If I had to do it all over again today, I would go back to Scrivener < > Bookends < > Devonthink, without question or hesitation.
Scrivener was an absolute rock, and its snapshot feature that allowed me to go back to earlier iterations of wording, sometimes typed months before (in the cold, dark hours of the morning!
), saved me more times than I care to remember… And I still only used a few of its essential core features.
Yes, the export settings were a bit of a pain to set up – but once tweaked correctly, it was very much set-and-forget. And the forum was a lifesaver as well, with many always willing to guide/assist/suggest.
That all said, if I were to convey a ever-present criticism of using Scrivener (albeit one very much individually based) – it would be that the word-count/“pages” in Scrivener, never translated properly into number of pages in Word, at least – not in terms of my mental model. Half the reason my thesis was so large (overly broad topic issues aside), is that the writing in Scrivener was (for me) always disassociated with the number of pages an exported document would end up being. I would look at a chunk/Scrivening, and think it would be 2/3 pages max, but exported – with many detailed footnotes – it would translate into 10 pages over on Word… And it was the latter that counted.
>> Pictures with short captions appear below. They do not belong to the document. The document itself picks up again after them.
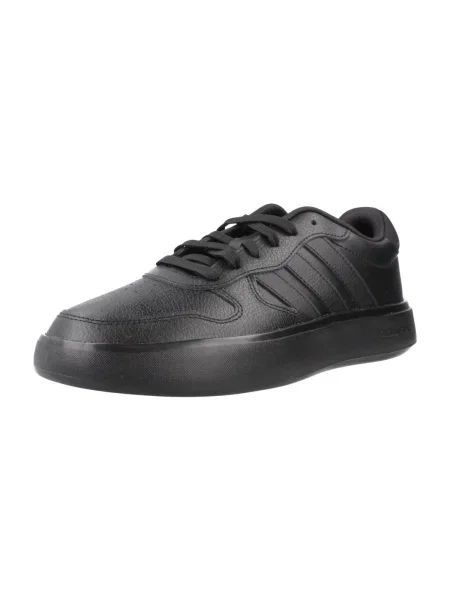 Pantofi Adidas negru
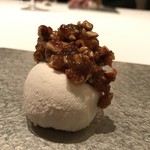 カンテサンス - 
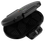 Вафельница Kitfort КТ-4691 черный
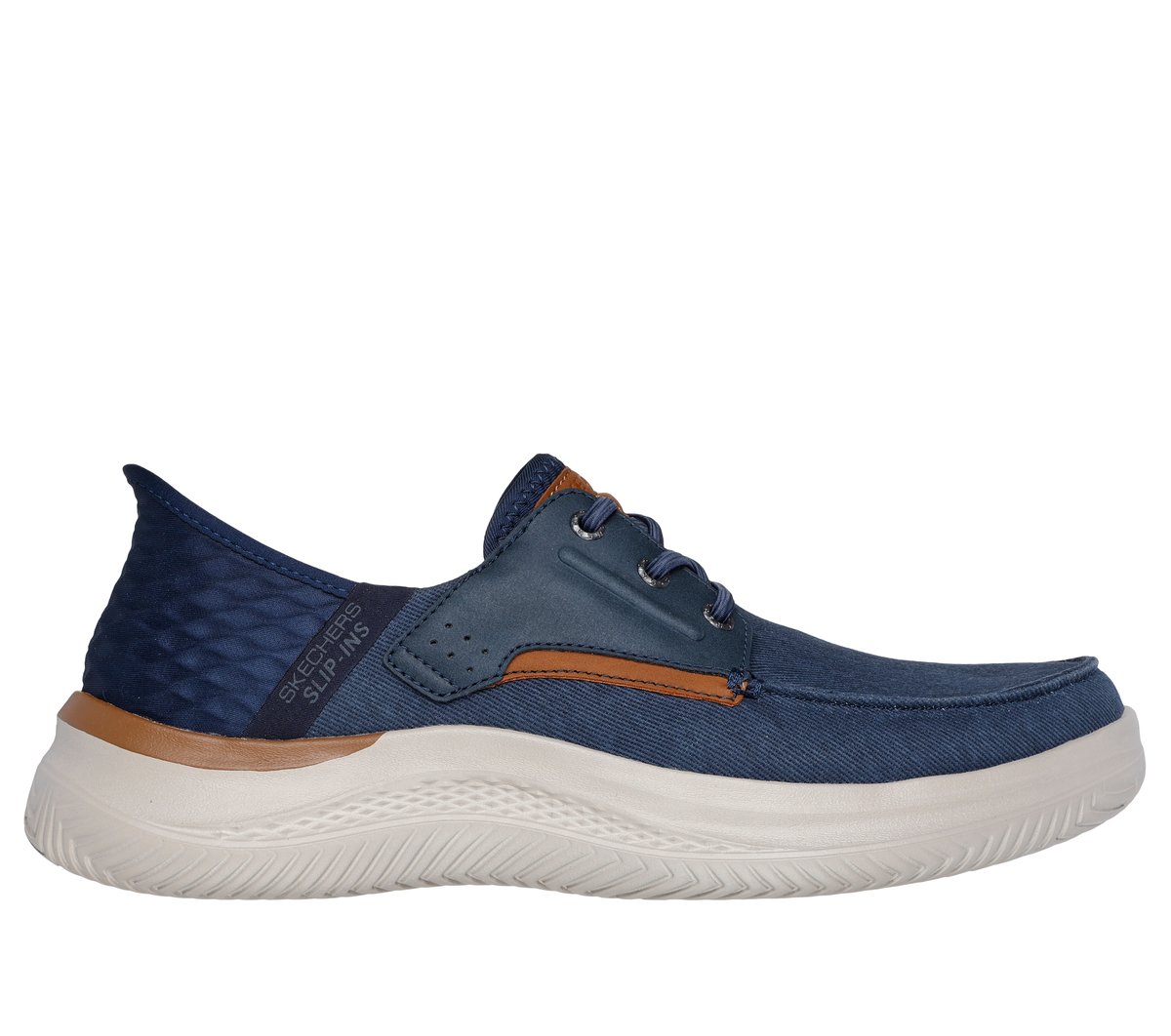 Skechers Value - Skechers Slip-ins RF: Hasting - Niko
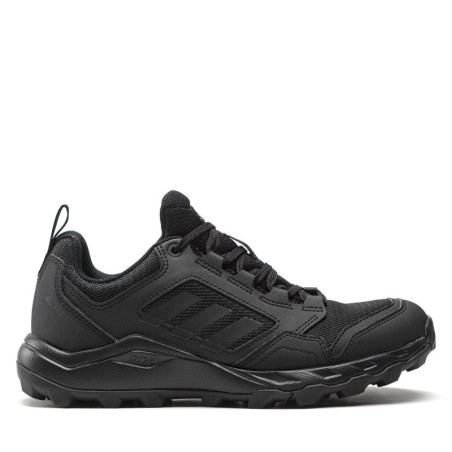 Laufschuhe adidas Terrex Tracerocker 2 W GX6870 Schwarz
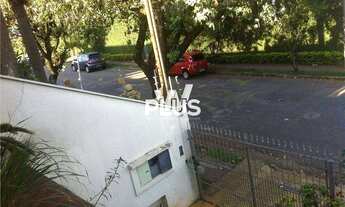 Imagem 2: Casa em Sorocaba bairro Jardim Paulistano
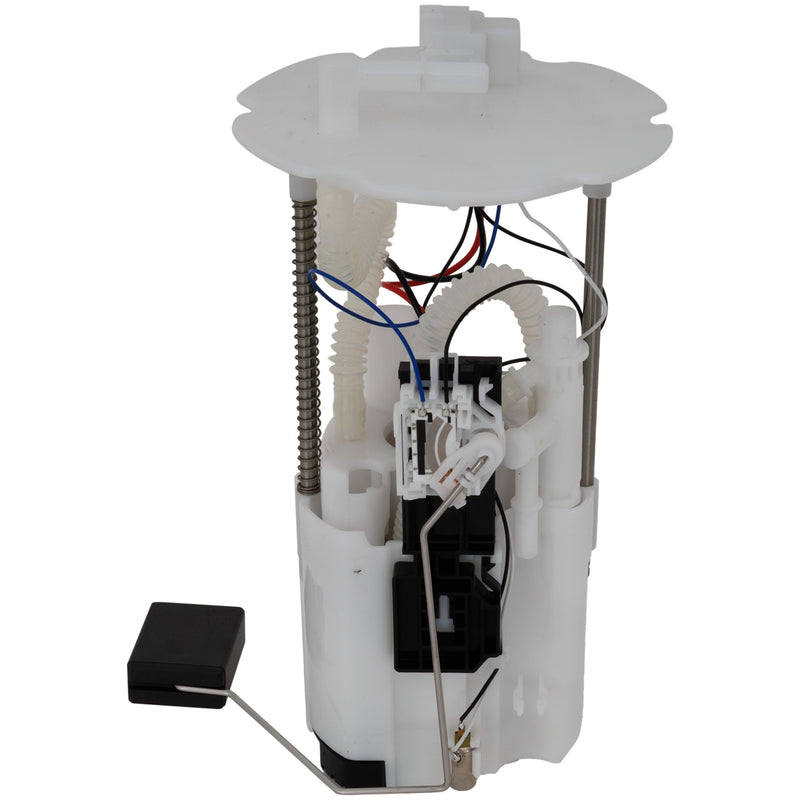Fuel Pump CarParts DI31450007
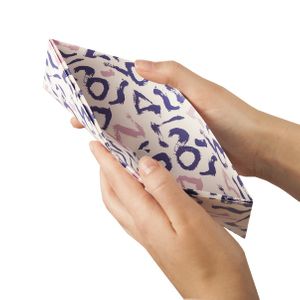 Кошелек Bumaga Brush Кошелек Bumaga Brush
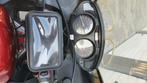 Honda deauville 650, Motoren, Motoren | Honda, Particulier, Meer dan 35 kW, Toermotor, 650 cc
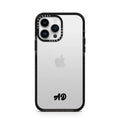 iPhone-14-Pro-Max-Silver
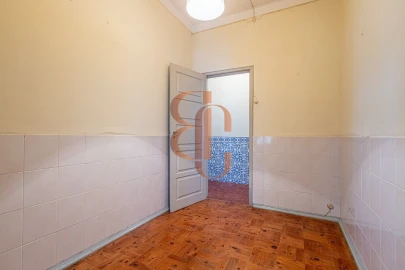 Moradia T3 para Venda em Vila Chã de Ourique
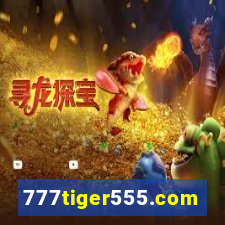 777tiger555.com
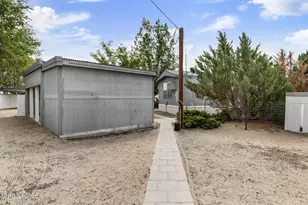 7615 Bass St, Silver Springs, NV 89429 - Photo 23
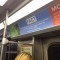 Pic #1 - TIL Squirrel facts on the subway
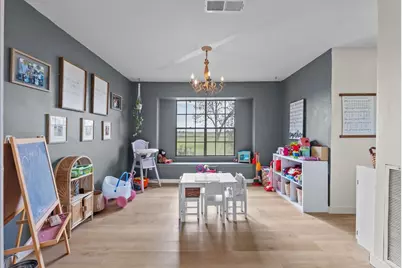 10803 Oberrender Road, Needville, TX 77461 - Photo 11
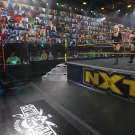 Filename=scarlettnxt20210317_Still367.jpg
Filesize=382KiB
Dimensions=1280x720
Date added=Apr 04, 2021 scarlettnxt20210317_Still367.jpg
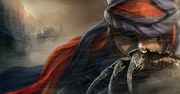 Nadzieja na powrót Prince of Persia jeszcze nie umarła, ale urlop księcia trwa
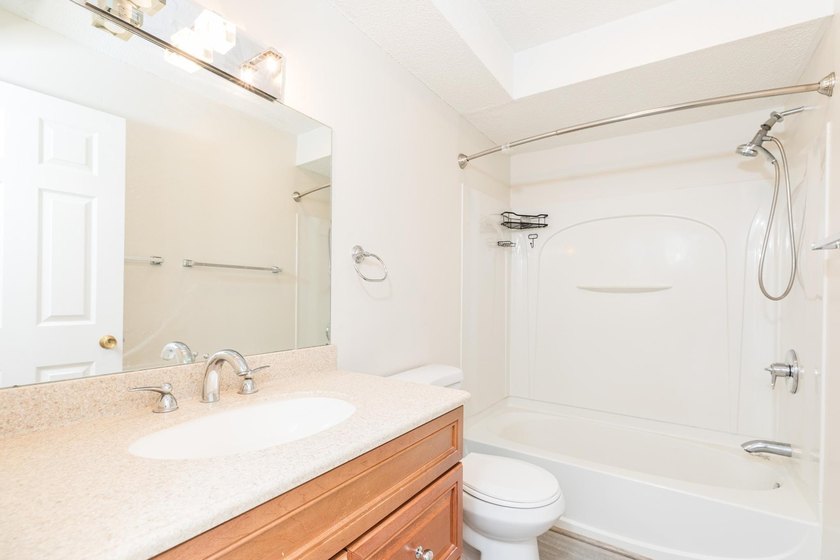 Welcome to a beautiful 2-bedroom, 2-bath home in the heart of - photo 24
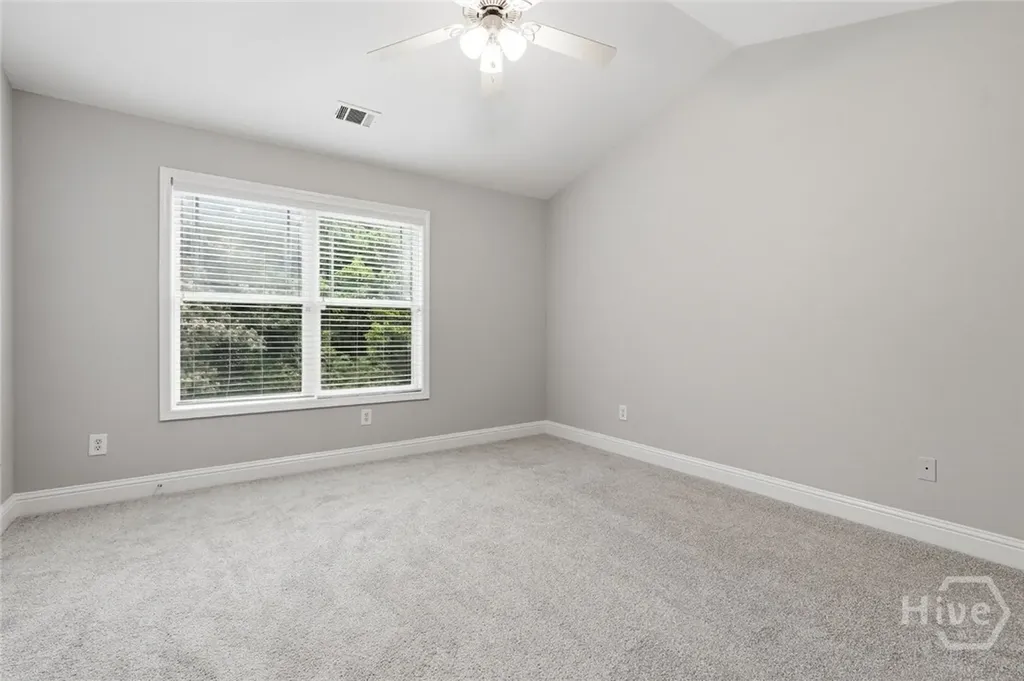 263 Oconee River Circle Athens GA 30605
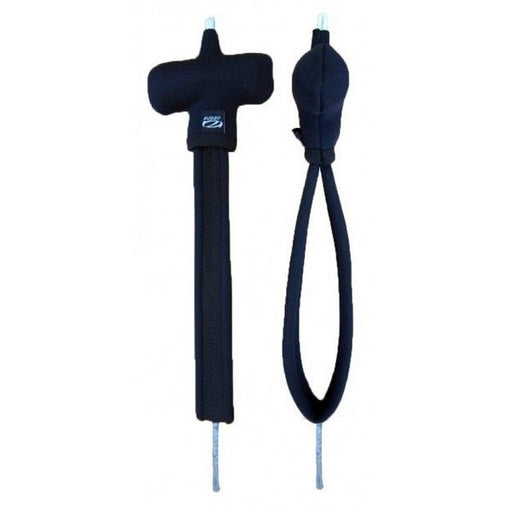 OZONE_Acro-toggles - Fly Above All Airsports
The result was that I was regularly exporting, reviewing and re-reading what was being written over in Word, just to get a sense of how large a chapter/section would finally be. Which was not necessarily a bad thing – but is something to keep in mind. Scrivener is an amazing platform – but just remember that it is the final, exported product (usually through Word/into an A4(?) sized document) that counts, at the end of the day.